Jonathan Ashworth was the biggest member of “Team Starmer” to leave Parliament: he would have been a Cabinet minister, but lost his seat to a pro-Palestine independent in the 2024 election.
Last August Ashworth became the “UK chairman of public affairs” of lobbyists Weber Shandwick.
Their recent clients include Facebook owner Meta. Weber Shandwick said Ashworth would be “providing strategic counsel on government relations” and “helping clients navigate the ever-changing political and regulatory landscape” using his experience “as a long-standing senior member of Keir Starmer’s shadow cabinet” and “years of political experience at the highest levels of the Labour Party and government having worked in 10 Downing Street and HM Treasury. He previously served as a senior political adviser to Gordon Brown.” To me this seems like a polite version of Mandelson’s manoeuvres.
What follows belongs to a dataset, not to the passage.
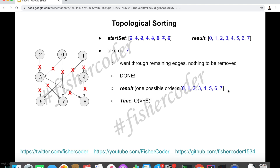In the end, we have a valid topological ordering — remember, this is just one of the valid topological orderings. The time complexity of this algorithm is O(V + E), where V is the number of vertices and E is the number of edges in the graph. That means this is a linear algorithm. On LeetCode, there are two problems which give us a chance to practice this topological ordering algorithm.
At the lower level, a number of advisers have left Team Starmer. They too have gone into corporate lobbying, giving a strong hint their ministerial bosses will do the same when they leave government.
Richard Howarth was one of Culture Secretary Lisa Nandy’s Special Advisers (Spads), having worked for the Labour Party for seven years.
Last September he left to join Tory-run lobbying company Fleetwood Strategies as a “senior director.”
Fleetwood were founded in 2020 by their boss, Tory “election guru” Isaac Levido. The Conservative election defeat meant Fleetwood badly needed Labour “insiders” like Howarth.
Fleetwood’s current clients include Airbnb, who will want to resist any Labour moves towards a “tourism tax” or limitations on the spread of their “short lets” and construction giant Balfour Beatty, who like Wes Streeting’s proposed revival of PFI-style contracts for public works.
Alex Zatman was Liz Kendall’s spad while she ran the Department for Work and Pensions.
He left last July to join “strategy and communications” consultancy Teneo, a registered lobbying firm whose clients include private water firms United Utilities (owners of North West Water) and Yorkshire Water, British Gas owner Centrica and McDonald’s burgers.
Mandelson started a process where Labour politicians treat government like an internship that opens up their careers to lucrative corporate gigs, rather than a way of delivering social reform for working people. His emails expose the ugliest details of this scheme, but Starmer’s team seem set to at least follow the broad patterns of his career path.